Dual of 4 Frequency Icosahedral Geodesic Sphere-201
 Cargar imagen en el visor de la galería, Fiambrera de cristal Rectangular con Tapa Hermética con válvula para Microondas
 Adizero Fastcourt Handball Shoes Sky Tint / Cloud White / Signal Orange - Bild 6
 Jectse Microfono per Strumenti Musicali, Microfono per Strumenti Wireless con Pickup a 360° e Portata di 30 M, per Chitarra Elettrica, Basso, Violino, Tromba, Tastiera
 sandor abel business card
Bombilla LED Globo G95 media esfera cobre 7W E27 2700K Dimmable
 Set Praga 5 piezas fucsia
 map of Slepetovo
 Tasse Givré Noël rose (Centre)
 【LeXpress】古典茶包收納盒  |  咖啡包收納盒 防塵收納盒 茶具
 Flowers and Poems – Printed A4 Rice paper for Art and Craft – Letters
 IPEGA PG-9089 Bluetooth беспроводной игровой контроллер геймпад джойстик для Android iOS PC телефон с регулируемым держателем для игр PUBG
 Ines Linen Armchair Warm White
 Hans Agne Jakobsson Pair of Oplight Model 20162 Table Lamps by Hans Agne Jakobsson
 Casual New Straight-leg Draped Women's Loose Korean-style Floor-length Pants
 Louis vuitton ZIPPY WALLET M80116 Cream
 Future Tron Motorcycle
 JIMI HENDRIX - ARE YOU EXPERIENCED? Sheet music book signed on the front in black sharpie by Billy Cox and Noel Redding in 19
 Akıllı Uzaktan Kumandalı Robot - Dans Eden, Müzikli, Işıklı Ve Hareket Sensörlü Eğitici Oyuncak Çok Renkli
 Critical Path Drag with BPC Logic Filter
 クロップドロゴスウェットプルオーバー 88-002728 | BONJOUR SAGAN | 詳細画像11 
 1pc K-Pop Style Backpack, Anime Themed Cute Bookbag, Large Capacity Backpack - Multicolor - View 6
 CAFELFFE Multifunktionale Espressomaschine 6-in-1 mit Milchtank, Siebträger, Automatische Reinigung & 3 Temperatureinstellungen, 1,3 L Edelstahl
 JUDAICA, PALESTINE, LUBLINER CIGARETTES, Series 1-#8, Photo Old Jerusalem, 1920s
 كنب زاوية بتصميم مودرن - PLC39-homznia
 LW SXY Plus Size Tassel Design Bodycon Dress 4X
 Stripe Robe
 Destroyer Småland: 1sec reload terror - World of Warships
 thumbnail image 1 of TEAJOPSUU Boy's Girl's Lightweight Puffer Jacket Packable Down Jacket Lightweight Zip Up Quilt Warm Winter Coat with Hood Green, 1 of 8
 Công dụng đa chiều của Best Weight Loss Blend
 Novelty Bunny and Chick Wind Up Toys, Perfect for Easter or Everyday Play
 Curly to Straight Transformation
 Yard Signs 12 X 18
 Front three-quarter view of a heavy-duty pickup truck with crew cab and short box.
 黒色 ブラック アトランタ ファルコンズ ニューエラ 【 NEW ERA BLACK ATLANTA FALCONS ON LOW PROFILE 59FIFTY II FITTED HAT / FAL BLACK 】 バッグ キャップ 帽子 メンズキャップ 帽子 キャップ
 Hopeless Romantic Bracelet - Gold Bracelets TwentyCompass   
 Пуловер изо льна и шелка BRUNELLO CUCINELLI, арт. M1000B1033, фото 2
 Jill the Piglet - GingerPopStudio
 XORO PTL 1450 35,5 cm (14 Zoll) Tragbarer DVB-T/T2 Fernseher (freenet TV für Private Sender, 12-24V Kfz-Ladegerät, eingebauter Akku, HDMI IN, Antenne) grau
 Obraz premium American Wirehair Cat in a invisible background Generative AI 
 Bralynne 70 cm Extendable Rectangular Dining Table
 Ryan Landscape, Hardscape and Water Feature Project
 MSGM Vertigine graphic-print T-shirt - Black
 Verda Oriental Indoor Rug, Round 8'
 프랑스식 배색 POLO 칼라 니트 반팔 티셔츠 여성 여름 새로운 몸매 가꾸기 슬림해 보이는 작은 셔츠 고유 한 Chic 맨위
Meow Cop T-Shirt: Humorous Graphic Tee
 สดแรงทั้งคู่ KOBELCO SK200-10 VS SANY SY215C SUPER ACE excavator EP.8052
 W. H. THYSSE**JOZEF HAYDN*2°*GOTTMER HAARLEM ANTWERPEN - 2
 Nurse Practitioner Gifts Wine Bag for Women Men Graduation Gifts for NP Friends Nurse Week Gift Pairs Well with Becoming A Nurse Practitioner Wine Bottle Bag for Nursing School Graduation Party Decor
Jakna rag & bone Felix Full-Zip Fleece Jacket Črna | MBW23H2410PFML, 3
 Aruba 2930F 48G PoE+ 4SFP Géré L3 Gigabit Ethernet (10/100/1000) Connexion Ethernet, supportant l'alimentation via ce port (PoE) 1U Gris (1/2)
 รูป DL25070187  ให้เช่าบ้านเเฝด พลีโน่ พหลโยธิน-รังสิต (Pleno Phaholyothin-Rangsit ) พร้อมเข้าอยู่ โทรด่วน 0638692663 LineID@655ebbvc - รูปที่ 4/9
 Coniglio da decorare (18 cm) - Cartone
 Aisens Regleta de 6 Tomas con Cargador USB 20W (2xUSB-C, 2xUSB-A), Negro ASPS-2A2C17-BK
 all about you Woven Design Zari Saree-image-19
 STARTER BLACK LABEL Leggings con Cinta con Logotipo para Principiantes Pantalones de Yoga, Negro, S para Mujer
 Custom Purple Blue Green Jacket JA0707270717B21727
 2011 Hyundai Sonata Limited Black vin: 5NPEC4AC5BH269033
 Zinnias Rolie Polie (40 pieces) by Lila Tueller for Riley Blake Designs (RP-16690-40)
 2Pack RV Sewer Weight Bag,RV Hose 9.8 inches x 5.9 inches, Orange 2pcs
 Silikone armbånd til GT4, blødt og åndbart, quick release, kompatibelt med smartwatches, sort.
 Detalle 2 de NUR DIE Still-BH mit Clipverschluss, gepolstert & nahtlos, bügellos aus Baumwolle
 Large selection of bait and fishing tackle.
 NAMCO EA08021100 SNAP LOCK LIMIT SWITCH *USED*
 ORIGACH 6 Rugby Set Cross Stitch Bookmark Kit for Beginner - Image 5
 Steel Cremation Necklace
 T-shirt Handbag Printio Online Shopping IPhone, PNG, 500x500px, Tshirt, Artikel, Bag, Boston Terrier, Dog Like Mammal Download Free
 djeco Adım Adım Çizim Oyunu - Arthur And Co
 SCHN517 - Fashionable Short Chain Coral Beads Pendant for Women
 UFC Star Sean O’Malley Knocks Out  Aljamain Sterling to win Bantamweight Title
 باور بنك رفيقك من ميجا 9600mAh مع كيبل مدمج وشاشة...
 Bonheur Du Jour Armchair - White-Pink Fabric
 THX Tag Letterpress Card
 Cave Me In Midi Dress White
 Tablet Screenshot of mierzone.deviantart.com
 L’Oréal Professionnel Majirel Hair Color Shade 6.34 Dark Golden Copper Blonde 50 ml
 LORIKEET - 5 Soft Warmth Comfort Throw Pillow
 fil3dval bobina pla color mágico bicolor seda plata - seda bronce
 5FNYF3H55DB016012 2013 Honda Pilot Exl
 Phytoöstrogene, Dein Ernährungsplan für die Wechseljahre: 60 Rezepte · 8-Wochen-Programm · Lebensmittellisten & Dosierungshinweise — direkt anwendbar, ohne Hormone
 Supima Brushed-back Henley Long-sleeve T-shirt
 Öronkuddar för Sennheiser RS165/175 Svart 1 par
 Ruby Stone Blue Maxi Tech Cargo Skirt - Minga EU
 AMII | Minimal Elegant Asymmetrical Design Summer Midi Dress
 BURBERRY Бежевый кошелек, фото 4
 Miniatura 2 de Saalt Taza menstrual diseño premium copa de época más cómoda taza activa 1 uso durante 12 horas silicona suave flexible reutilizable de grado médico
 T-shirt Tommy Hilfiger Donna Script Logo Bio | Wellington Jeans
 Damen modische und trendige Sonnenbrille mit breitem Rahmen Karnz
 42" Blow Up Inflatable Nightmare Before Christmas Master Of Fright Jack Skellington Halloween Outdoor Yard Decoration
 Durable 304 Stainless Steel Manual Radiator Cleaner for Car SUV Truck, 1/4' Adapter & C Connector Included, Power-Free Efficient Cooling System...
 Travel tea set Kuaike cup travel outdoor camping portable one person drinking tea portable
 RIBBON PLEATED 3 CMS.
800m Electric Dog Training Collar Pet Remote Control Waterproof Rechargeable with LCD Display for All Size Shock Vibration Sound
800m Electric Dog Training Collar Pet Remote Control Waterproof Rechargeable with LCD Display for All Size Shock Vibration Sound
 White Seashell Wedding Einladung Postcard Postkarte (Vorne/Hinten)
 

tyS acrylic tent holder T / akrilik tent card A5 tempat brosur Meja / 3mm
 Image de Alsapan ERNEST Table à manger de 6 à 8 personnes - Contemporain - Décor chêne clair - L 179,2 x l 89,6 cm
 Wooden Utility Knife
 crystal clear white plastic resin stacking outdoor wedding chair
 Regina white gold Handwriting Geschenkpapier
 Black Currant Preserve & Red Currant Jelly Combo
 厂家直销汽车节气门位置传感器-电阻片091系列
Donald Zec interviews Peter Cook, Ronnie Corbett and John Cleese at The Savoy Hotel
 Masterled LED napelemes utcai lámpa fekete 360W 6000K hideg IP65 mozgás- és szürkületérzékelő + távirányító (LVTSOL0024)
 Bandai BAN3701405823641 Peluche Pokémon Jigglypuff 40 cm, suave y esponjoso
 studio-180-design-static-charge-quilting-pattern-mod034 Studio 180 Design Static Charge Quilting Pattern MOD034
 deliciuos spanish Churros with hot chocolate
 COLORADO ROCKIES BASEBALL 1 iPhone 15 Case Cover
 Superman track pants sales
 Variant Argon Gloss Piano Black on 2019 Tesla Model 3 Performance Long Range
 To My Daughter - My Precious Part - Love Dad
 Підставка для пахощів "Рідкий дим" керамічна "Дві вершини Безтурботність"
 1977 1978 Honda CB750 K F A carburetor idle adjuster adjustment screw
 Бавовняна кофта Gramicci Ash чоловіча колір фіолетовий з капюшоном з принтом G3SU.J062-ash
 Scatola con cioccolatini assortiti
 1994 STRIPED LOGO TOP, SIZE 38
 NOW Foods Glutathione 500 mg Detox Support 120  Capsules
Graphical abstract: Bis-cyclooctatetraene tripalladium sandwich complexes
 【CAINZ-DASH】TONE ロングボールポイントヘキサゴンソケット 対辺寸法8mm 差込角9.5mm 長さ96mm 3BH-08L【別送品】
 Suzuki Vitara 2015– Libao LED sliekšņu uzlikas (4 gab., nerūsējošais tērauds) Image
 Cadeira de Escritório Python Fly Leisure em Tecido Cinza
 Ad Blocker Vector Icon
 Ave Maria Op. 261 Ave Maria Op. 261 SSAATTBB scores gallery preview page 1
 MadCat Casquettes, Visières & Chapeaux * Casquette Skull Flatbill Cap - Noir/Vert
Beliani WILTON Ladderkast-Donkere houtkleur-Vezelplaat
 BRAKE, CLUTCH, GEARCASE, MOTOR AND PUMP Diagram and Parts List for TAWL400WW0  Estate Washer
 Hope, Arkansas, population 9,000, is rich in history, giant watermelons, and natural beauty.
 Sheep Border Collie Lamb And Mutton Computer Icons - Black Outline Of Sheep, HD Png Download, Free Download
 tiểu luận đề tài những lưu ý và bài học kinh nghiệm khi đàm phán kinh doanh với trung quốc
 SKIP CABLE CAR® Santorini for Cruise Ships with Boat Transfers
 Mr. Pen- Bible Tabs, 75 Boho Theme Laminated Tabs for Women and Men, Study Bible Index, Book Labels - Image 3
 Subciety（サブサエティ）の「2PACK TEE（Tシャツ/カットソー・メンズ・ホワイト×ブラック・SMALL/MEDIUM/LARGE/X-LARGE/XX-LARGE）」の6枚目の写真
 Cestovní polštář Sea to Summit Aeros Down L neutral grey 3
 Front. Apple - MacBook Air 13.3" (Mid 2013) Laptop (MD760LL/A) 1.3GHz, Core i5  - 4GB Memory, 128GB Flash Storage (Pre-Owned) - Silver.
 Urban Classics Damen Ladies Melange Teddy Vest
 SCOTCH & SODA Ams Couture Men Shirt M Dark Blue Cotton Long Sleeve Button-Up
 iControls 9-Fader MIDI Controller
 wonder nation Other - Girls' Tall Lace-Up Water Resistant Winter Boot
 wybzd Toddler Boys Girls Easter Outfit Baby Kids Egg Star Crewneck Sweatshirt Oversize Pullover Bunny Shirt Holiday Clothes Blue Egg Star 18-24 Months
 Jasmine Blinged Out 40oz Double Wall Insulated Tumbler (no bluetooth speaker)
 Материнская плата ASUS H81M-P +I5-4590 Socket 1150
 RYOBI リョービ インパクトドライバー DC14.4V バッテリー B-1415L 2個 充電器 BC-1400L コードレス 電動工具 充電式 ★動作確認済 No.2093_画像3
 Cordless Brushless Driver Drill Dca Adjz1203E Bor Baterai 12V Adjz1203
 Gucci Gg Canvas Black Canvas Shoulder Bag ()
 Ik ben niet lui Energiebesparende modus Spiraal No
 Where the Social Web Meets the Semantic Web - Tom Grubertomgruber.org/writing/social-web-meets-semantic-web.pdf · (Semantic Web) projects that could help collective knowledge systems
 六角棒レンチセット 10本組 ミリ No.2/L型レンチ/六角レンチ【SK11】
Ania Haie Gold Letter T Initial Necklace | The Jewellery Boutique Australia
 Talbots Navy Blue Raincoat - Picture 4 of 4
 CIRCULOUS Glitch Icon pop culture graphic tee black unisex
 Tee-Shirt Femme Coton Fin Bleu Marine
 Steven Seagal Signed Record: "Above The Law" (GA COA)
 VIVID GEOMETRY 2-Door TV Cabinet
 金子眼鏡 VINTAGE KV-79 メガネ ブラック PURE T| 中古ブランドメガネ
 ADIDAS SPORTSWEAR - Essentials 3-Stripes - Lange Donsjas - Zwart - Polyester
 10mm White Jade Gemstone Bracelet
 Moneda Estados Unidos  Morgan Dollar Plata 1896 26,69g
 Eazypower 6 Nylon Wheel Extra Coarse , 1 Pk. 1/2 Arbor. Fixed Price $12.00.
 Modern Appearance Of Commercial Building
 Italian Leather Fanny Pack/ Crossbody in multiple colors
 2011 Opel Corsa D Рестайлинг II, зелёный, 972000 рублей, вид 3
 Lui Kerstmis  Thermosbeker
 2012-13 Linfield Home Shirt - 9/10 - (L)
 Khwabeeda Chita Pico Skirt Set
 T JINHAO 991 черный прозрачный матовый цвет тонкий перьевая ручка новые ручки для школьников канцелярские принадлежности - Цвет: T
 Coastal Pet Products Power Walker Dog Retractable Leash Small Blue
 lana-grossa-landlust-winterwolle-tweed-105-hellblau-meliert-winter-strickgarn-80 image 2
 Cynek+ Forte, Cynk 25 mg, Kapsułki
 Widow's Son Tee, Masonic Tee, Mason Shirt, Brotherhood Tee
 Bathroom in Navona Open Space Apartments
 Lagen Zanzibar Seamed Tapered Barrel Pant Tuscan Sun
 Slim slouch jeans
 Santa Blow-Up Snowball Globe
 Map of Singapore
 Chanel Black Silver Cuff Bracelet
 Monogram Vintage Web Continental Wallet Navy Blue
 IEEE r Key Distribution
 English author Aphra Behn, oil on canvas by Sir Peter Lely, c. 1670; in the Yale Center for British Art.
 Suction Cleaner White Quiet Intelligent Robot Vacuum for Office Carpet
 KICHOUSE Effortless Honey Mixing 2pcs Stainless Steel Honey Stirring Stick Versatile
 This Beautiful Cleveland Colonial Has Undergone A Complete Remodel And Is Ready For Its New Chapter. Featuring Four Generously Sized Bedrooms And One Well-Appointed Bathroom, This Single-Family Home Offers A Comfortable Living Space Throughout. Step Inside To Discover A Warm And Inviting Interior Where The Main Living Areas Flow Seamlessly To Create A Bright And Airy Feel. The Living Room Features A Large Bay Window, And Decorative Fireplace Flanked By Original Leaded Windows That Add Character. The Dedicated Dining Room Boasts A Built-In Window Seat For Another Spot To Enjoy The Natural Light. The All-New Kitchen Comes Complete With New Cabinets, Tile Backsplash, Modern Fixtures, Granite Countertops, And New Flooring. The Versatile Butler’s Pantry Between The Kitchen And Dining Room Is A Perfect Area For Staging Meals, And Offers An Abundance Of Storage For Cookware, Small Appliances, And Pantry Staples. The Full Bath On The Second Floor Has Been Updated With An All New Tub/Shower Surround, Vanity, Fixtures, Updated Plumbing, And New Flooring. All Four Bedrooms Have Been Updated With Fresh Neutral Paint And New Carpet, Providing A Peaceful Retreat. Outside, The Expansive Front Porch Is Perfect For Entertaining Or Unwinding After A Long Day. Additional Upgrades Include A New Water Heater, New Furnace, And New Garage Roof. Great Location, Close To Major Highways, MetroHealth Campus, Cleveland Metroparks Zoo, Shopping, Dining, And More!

Exercise goal:
Show every line from the listing above in which the string "Orange" appears.

Response to this exercise:
 Adizero Fastcourt Handball Shoes Sky Tint / Cloud White / Signal Orange - Bild 6
 2Pack RV Sewer Weight Bag,RV Hose 9.8 inches x 5.9 inches, Orange 2pcs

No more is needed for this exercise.